Many thanks to the reviewers who provided input and improved the draft: Richard Baron, Cynthia Elliott, Taryn Fransen, Bernd Hackman, Kelly Levin, Siddharth Pathak, Clea Schumer, Henri Waisman, Yamide Dagnet and David Waskow. Special thanks also to the communications, editorial, and design team: Beth Elliott, Rocio Lower, Lawrence MacDonald, Emily Matthews, Romain Warnault, and Debby Zabarenko.

Endnotes

1 Several initiatives are supporting countries I the transition to net-zero emissions. For example, the Climate Ambition Alliance, launched at the UN Climate Action Summit in 2019, brings Parties together to accelerate the transition toward the Paris Agreement goals, including by developing net-zero long-term strategies. The Race to Zero campaign is a related initiative, launched in early 2020, to spur regions, cities, and businesses to adopt net-zero goals.
2 These recommendations are based on work done over the last four years under the Long-term Strategies Project.
3 The Paris Agreement introduces a global stocktake to “assess the collective progress towards achieving the purpose of this Agreement and its long-term goals” (Article 14.1).

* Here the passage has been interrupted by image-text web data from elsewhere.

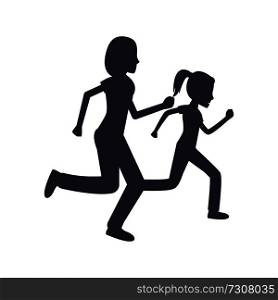 Mother and daughter jogging together vector illustration black silhouettes. Mom and girl in sport apparel running, active healthy lifestyle concept. Mother and Daughter Run Jogging Together Vector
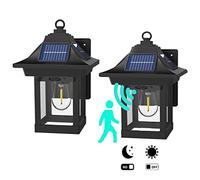 Jasni 2 Pack Solar Wall Lanterns, Motion Sensor Outdoor Lights, Dusk to Dawn Wall Sconce with 3 Modes, IP65 Waterproof Exterior Light Fixture for Yard, Patio, Fence, Garden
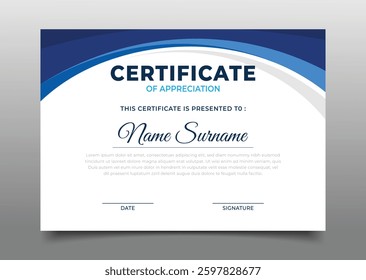 Business certificate template design with blue wavy decoration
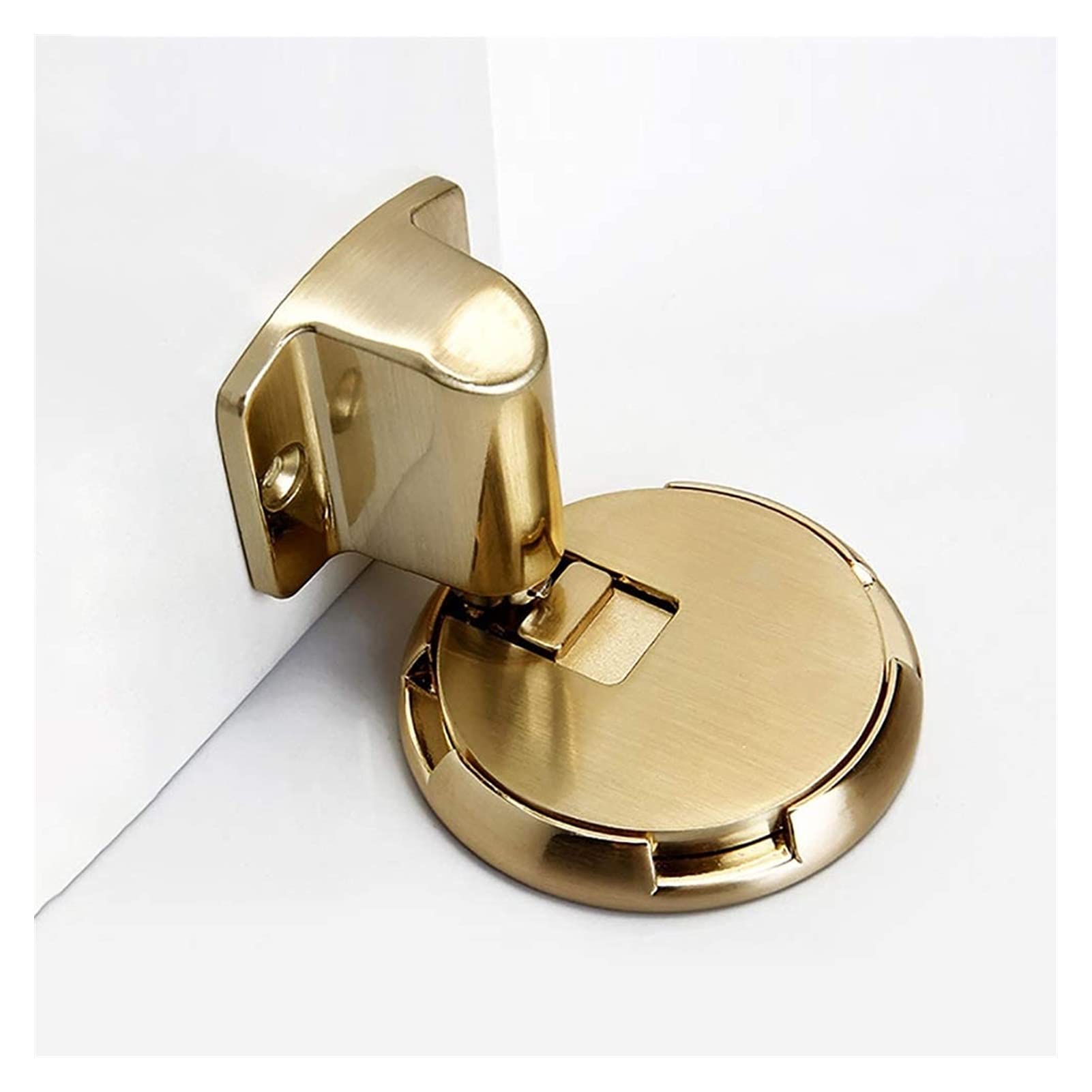 Door Stopper, Household Door Touches The Floor to Attract Strong Magnetic Stainless Steel Safety Stop(Brushed Gold)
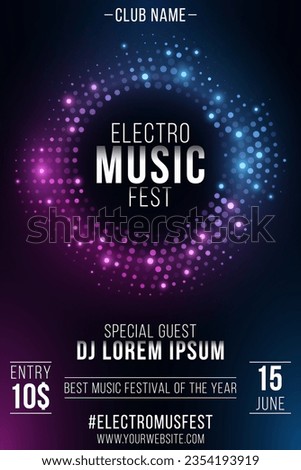 Electro music festival flyer. Party poster design. Stylish digital banner of glowing dots. Energy vibrant ring. Invitation to a musical event from the club. Vector illustration. EPS 10.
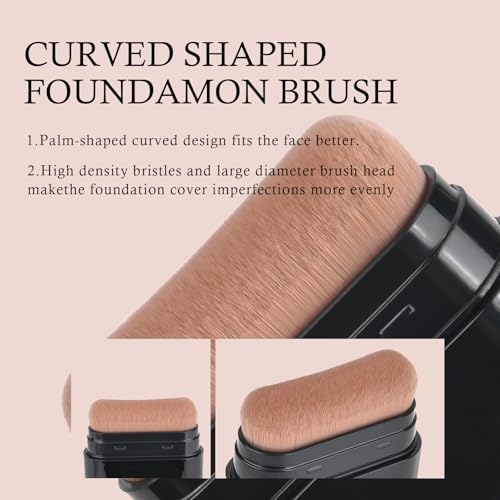 KYDA 2-in-1 Concealer Foundation Stick, Eraser Foundation Stick with Soft Brush, Creamy Smooth Base Makeup, Lightweight Brightening Contouring Concealer, Lasting Natural Matte Finish, Wheat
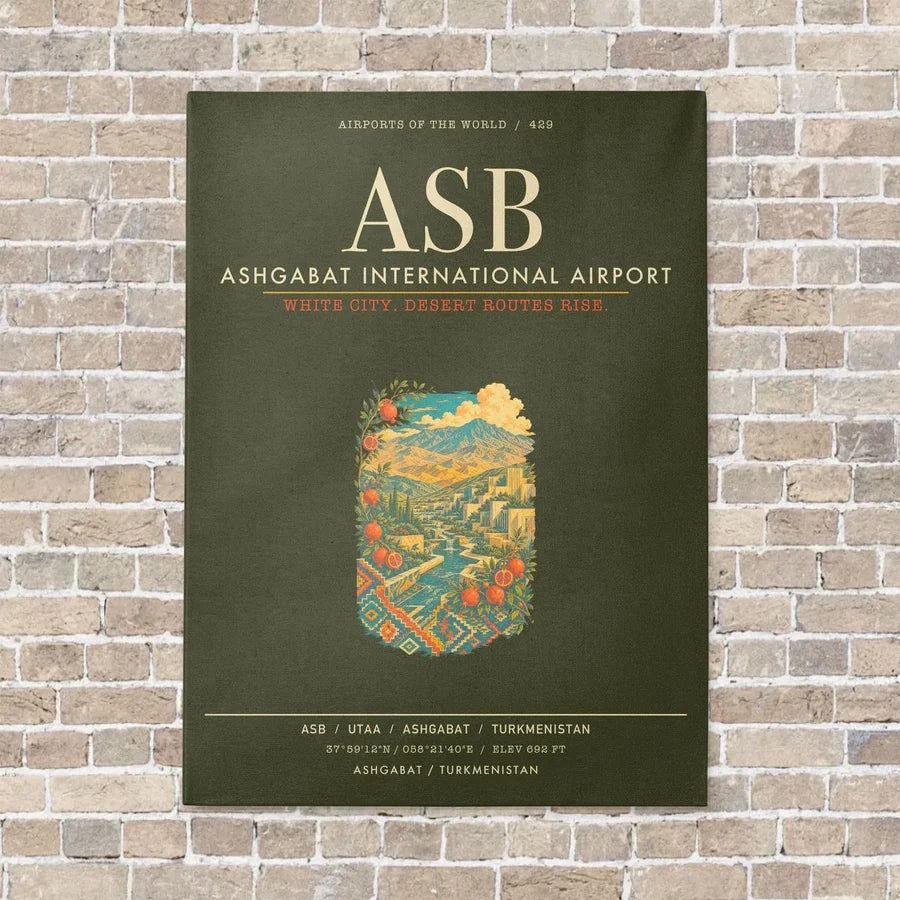 Ashgabat International Airport ASB - Canvas Framed - Green Army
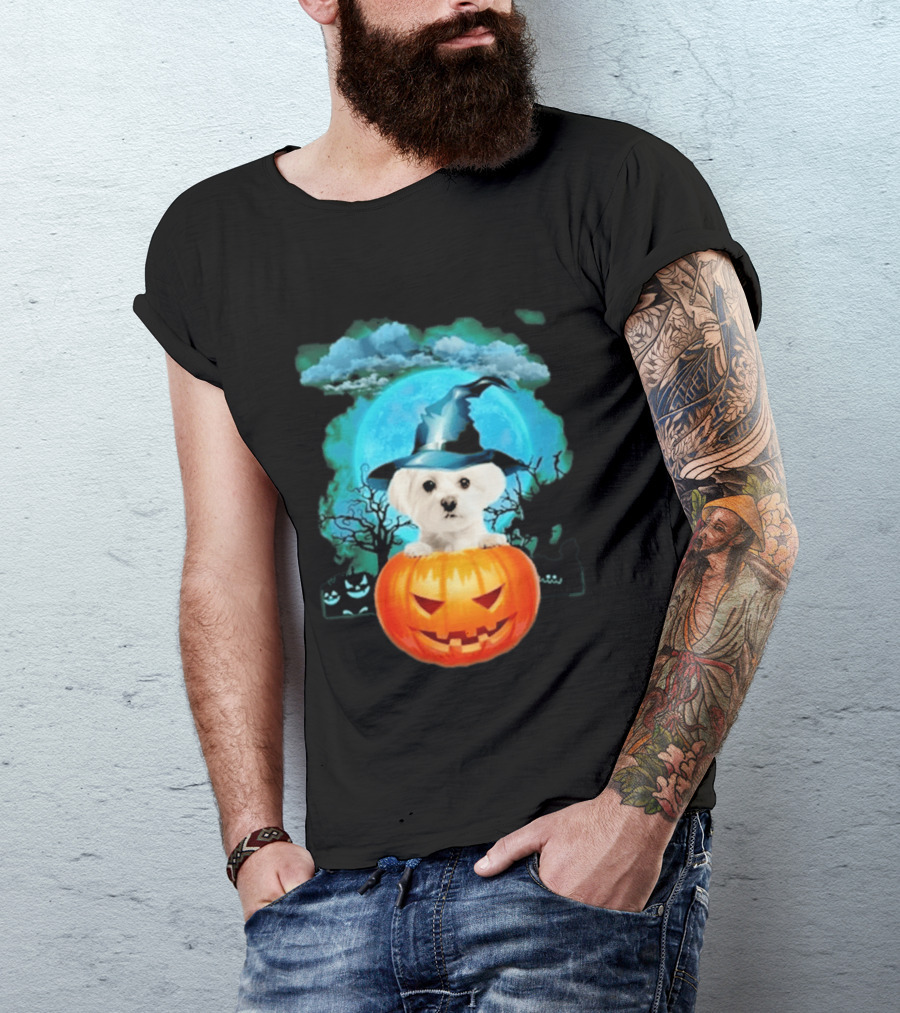 Happy Halloween White Maltese Witch Hat Pumpkin Blue Moon T-Shirt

4 Decision 19/CMA.1, paragraph 36(a)
5 The preamble in the Paris Agreement takes into account “the imperative of a just transition of the workforce and the creation of decent work and quality jobs, in accordance with nationally defined development priorities.” The topic of just transition receives attention through the Marrakech Partnership’s “Working Group on Just Transition and Decent Work.” The Working Group was created under the Fiji Presidency of COP23 with the “mandate to share examples and good practices on how the Paris Agreement can be implemented on the ground while promoting green jobs that are good for people, good for the environment and good for the economy.” At COP24, some leaders and Parties endorsed the Silesia Declaration, which explicitly encourages Parties to take into consideration “the issue of just transition of the workforce and the creation of decent work and quality jobs while preparing…national long-term low greenhouse gas emissions development strategies.”